[TASK STATEMENT]:
Beginning at the line that contains "Cover of the", repeat each line exactly through the last one of the records below, and leave out the pictures.

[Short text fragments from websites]

● ● ● ● ●

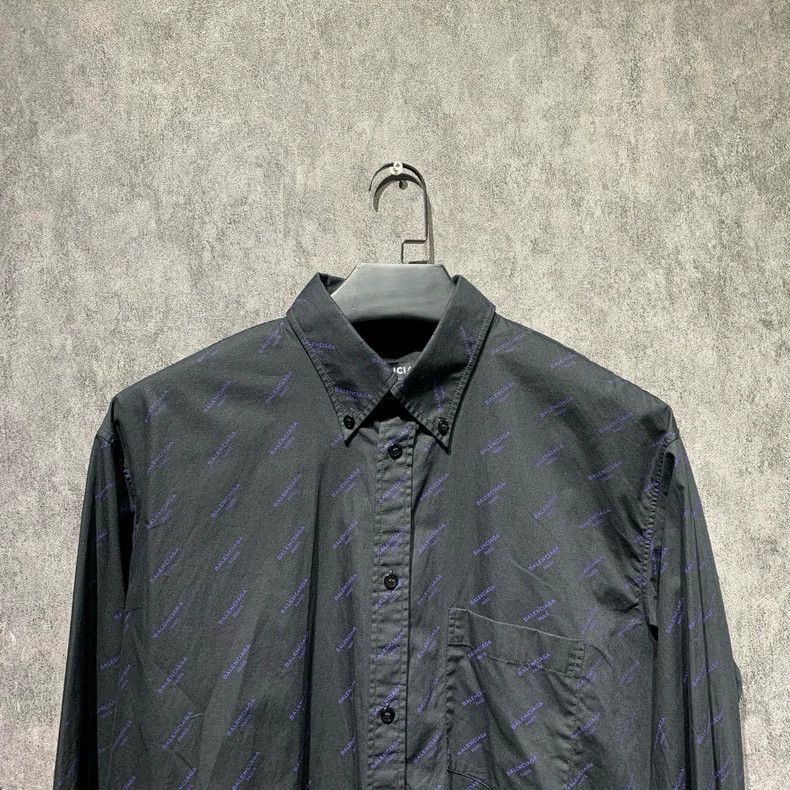 Balenciaga Balenciaga size 39 Bullet screen full of shirt 2503-Nextar Size US M / EU 48-50 / 2 - 6 Thumbnail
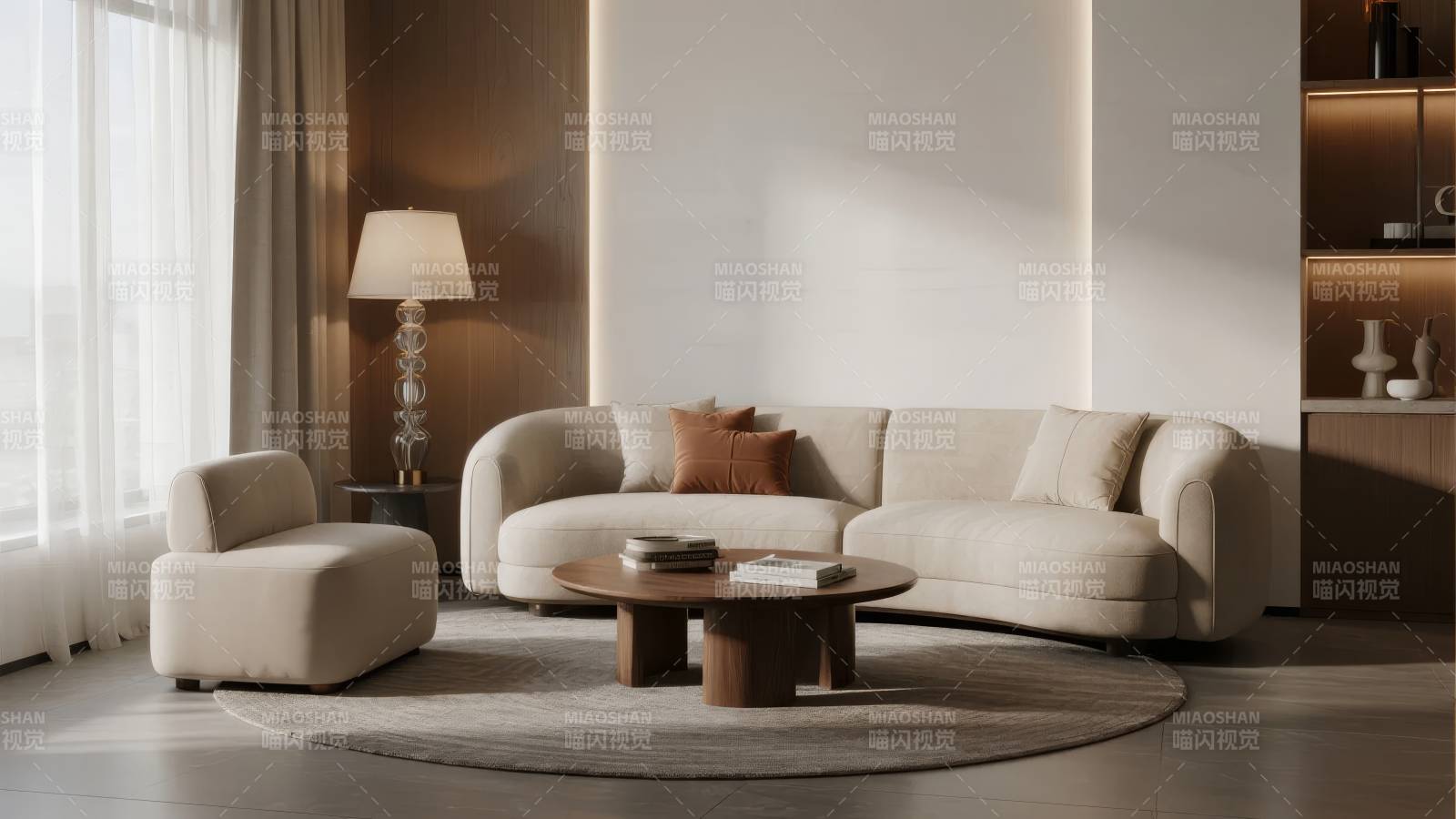 现代简约客厅设计图片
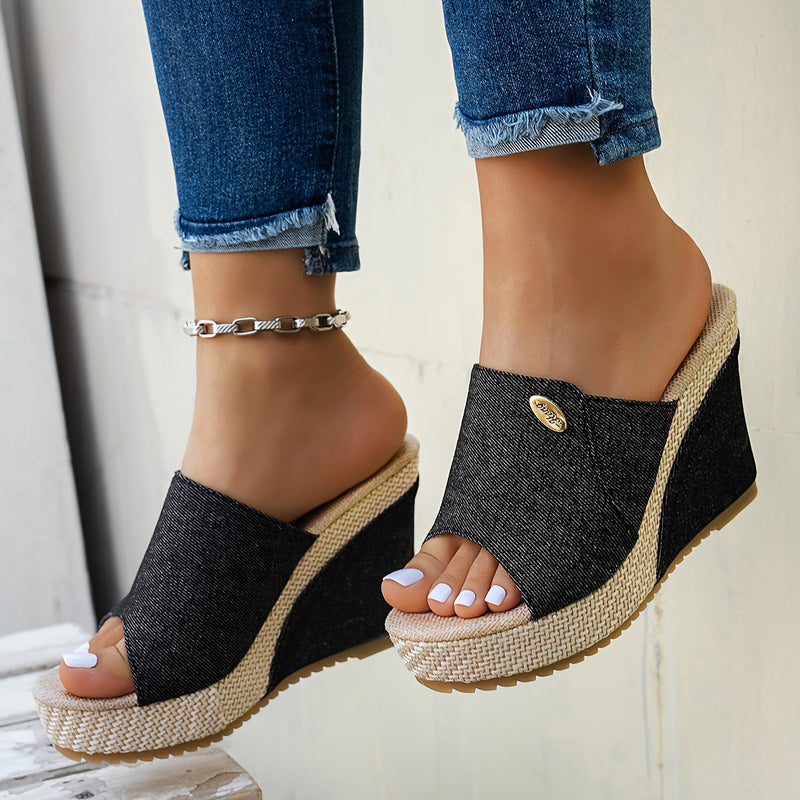 Ottilie Women's Espadrilles - back view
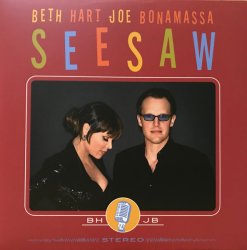Beth Hart & Joe Bonamassa - Seesaw (2013) [Vinyl Rip 24bit/192kHz]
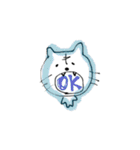 絵が定まらないスタンプ。（個別スタンプ：27）
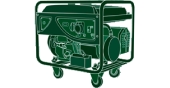 Генератор однофазный бензиновый IMC 3 KVA/2.4 кВт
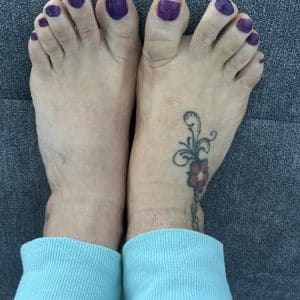 Pieds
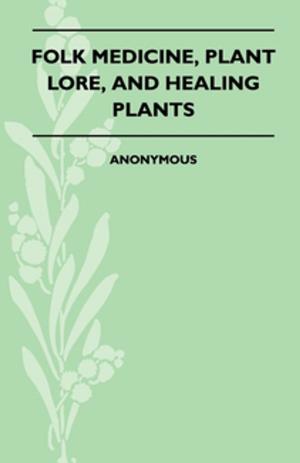 Cover of the book Folk Medicine, Plant Lore, and Healing Plants by Harry Furniss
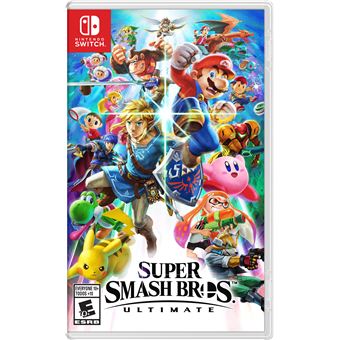 Videojogo Nintendo Super Smash Bros. Ultimate, NSW - 1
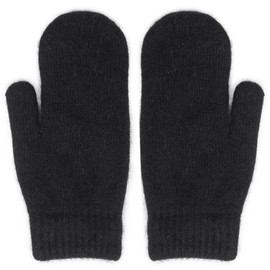 Winter Warm Mittens for Women Faux Rabbit Fur Knit Mittens for Cold Weather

● ● ● ● ●

[SOLUTION TO THIS PROBLEM]:
 Cover of the book Folk Medicine, Plant Lore, and Healing Plants by Harry Furniss
 Videojogo Nintendo Super Smash Bros. Ultimate, NSW - 1
 Winter Warm Mittens for Women Faux Rabbit Fur Knit Mittens for Cold Weather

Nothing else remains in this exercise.